Elumelu also identified the creative sector as having a huge potential and the capability to create millions of jobs if the government addresses some of its critical challenges such as piracy and intellectual rights that will enable the sector flourish.
Addressing the urgent need to prioritise SMEs, Elumelu noted that the country desperately needed a mechanism for job creation to address inclusiveness and sustainable development.
“SMEs are the engine of growth. When they succeed, they recruit, they train people and when the likes of GE come on board, they have a ready ecosystem and pipeline of supply chain players that will support what they are doing.
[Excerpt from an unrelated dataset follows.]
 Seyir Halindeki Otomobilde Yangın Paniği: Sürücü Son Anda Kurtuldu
To get it right we need to continue to prioritise our SMEs and improve the environment for SMEs to succeed,” Elumelu said.
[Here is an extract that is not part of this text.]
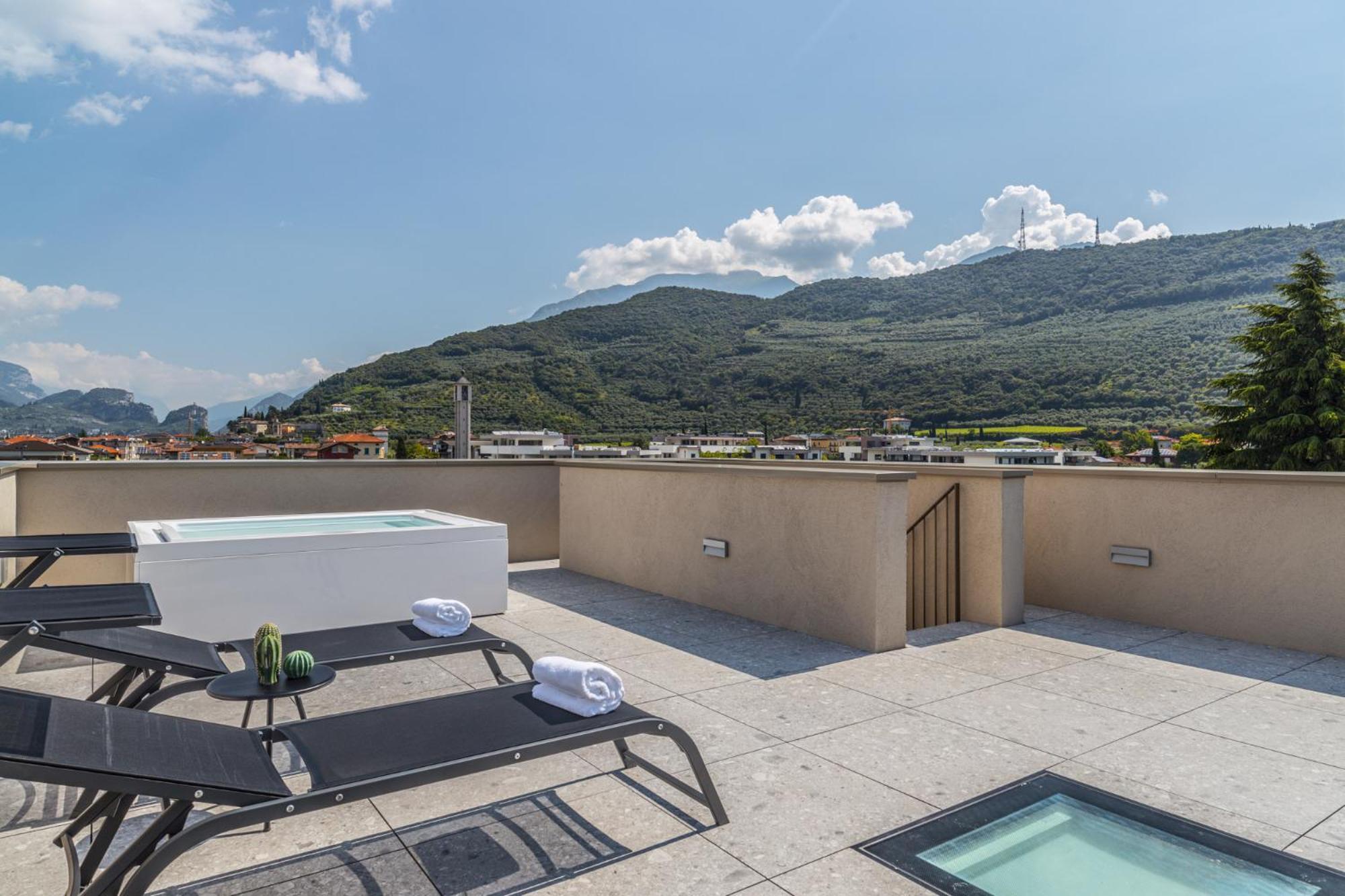 Essence - Charming Suites Riva del Garda Kamer foto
The Vice Chairman of General Electric (GE), John Rice, responded to the need for localisation of the economy, urging the government to focus on improving infrastructure and the speed of government bureaucracy to attract and retain foreign investors and partners.
“The government needs to begin to measure itself on speed as it begins to implement its reforms,” he said.
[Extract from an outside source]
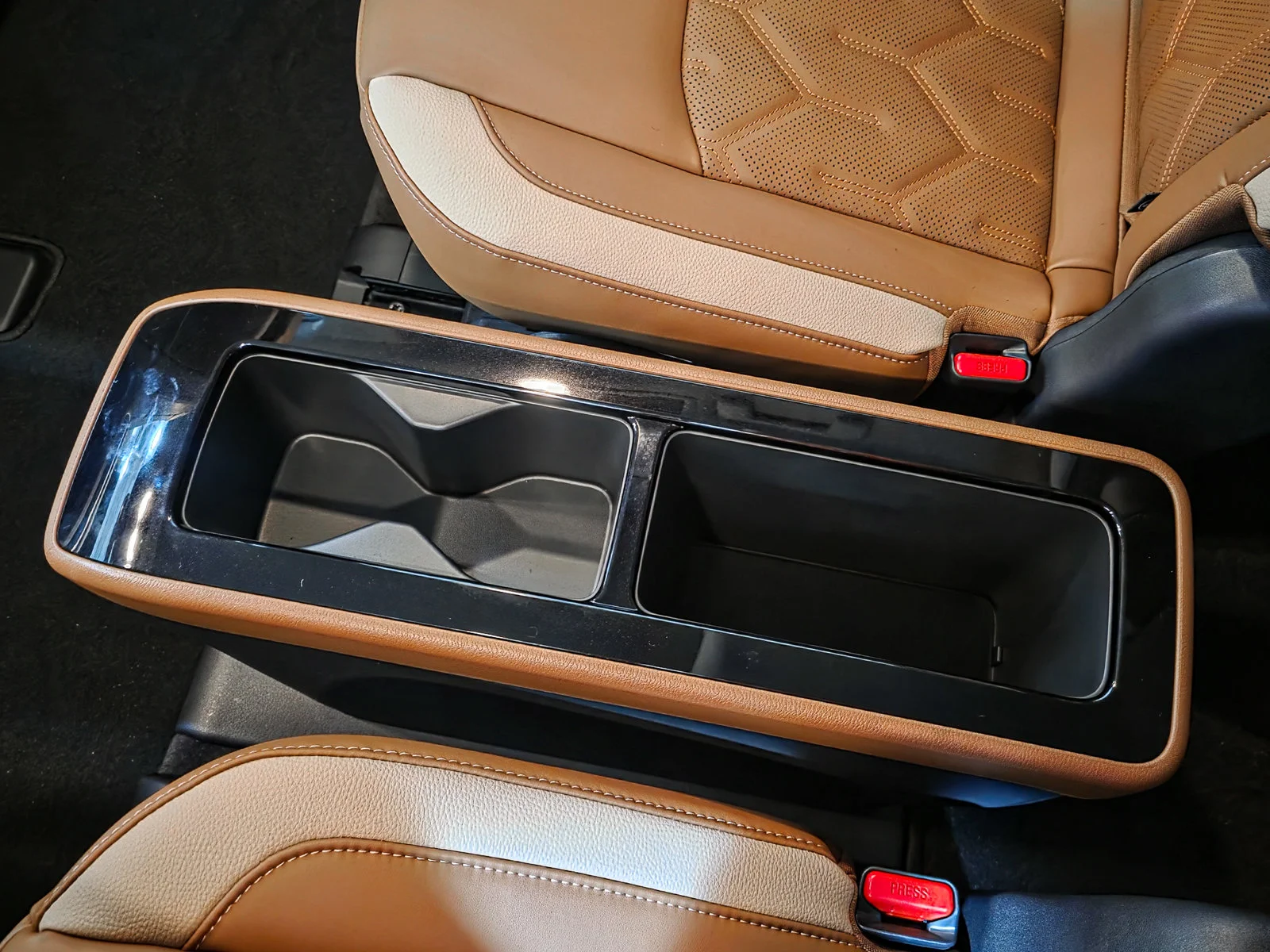 New 2026 Boulder Gray Pearl Nissan Platinum image 23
Elumelu, who is also the Founder of The Tony Elumelu Foundation, has been a prominent advocate for an entrepreneurially and private sector-led economy as the key to unlocking growth and development. His Foundation has committed $100 million to mentor, train and invest in 10,000 African SMEs over a 10-year period with 3,000 entrepreneurs incubated so far.
This weekend, over 1,300 entrepreneurs from 54 African countries, as well as the full African entrepreneurship ecosystem, will gather in Lagos for The Tony Elumelu Foundation Entrepreneurship Forum – the largest gathering of African entrepreneurs.